There are people out there who say that God does not exist. Yes, athiests exist. They are very convinced in their arguments and some are so jaded and fervent as to dismiss everything that someone who believes contrary has to say even if it is on another topic entirely. If this is you, you may stop reading immediately. I won't be offended.

The grounds on which many athiests make their claim is that the existance of God is completely unprovable, and therefore unscientific. If there is no evidence, and no proof, of God's existance, then they are not going to believe. This is a logical conclusion. Except for one thing. They are not being scientific at all. The science that they are holding so high is not one that they are actually practicing.

There are two completely logical hypotheses that can be made regarding the existance of God. The first, is that God does not exist; the second is that God exists. We all know what you do with a hypothesis, right? The scientific method is pretty clear. You test it. Unfortunately, if you have the first hypothesis, God does not exist; there is nothing to test (no test can be designed), and you simply live out your life thinking you are right but not bothering to test at all and thus know you are right.

If you have make the second assumption, you can devise a test. You hypothesize that God exists and then take the next logical course of action and believe that God exists. In believing, you do all of the things that you think you should do given your belief. The test is whether or not you experience evidence of God given this. There are two possible outcomes: You either find evidence supporting your hypothesis, or you live your whole life given your belief, but never get any evidence.

What is there to lose? You have a lot to lose one way, and nothing to lose another way. I do not know a mathematician who would not change his method of proof based upon his ability to prove one thing or to disprove the converse.
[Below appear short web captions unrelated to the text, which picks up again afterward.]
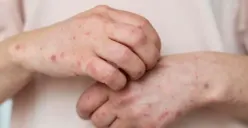 Ilustrasi. Kenali gejala dan cara cegah penyakit menular cacar monyet atau MPOX. (Sumber : Freepik)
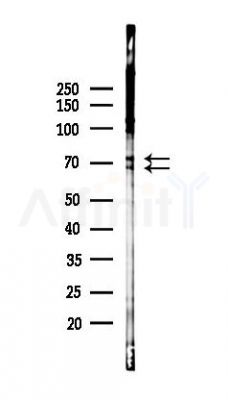 SLC38A1 Antibody - Western blot analysis of lysates from 293 cells(UV 30min treatment), using SLC38A1 Antibody at 1/1000 dilution.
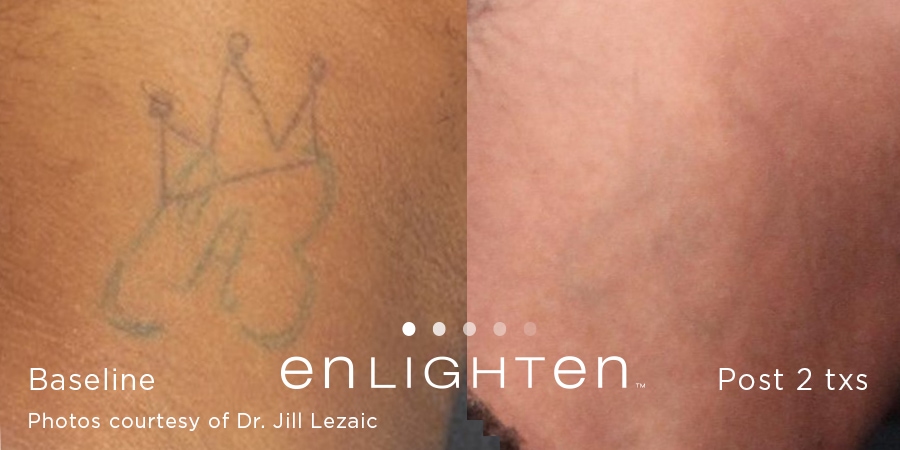 Before and after photos of laser tattoo removal are important - Lasermed:  Laser Clinic & facial rejuvenation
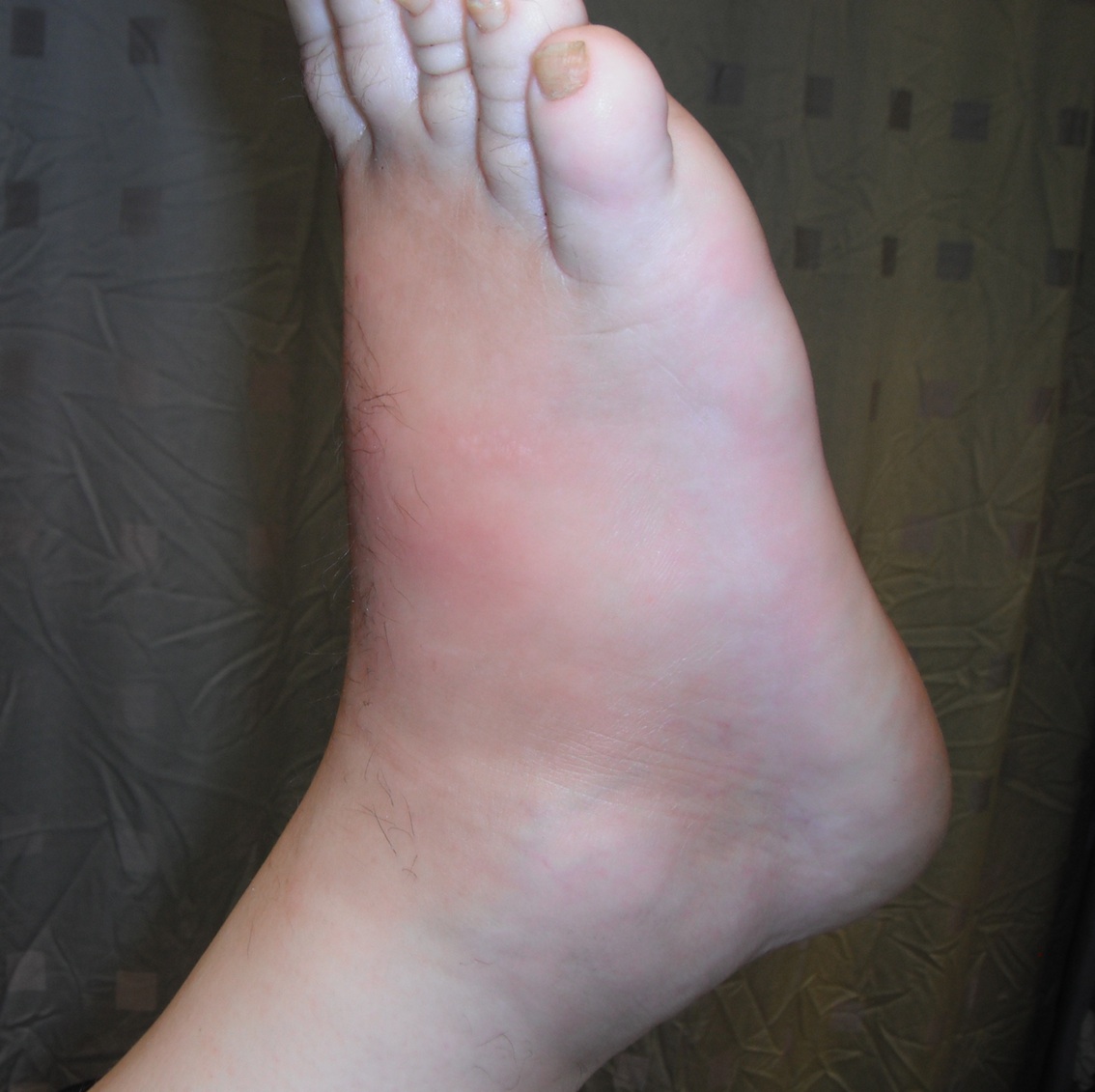 Charcot Foot Elevated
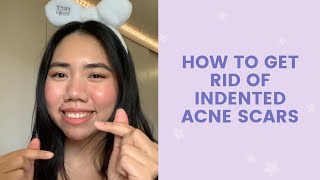 How To Get Rid of Indented Scars  FaceTory [upl. by Fauver]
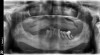 Fig 3. Radiograph showing extensive periodontal disease. After being presented with the option to have two or four implants, the patient chose to have two implants. Because he wanted the option to have additional implants in the future, the implants were placed in regions that would permit placement of additional implants.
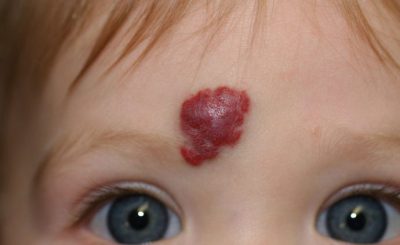 Опухоль у ребенка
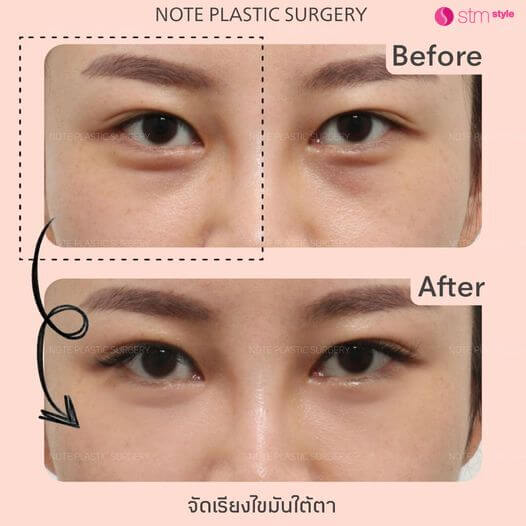 จัดเรียงไขมันใต้ตาโรงพยาบาล NOTE รีวิวจัดเรียงไขมันใต้ตาเกาหลี ศัลยกรรมถุงใต้ตาเกาหลี STMstyle เอเจนซี่ศัลยกรรมเกาหลี กำจัดถุงใต้ตาเกาหลี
I also do not know anyone who has started this test and ended up in that life-long limbo that happens if you start the test and never get any evidence.

I wish the people that fall under that jaded athiest category I put forth in the beginning would stop appealing to science as their rationale for disbelief. If they don't believe in God because they don't want to, or can't, or have issues, fine; I have no problem there. But to appeal to science, when there isn't any there? I am beginning to resent these scientific believers for their completely biased observations and triviality. Are they trying to sound like scientists without actually being thus? The real scientists I know are the kinds of people who have decided they will test their hypotheses.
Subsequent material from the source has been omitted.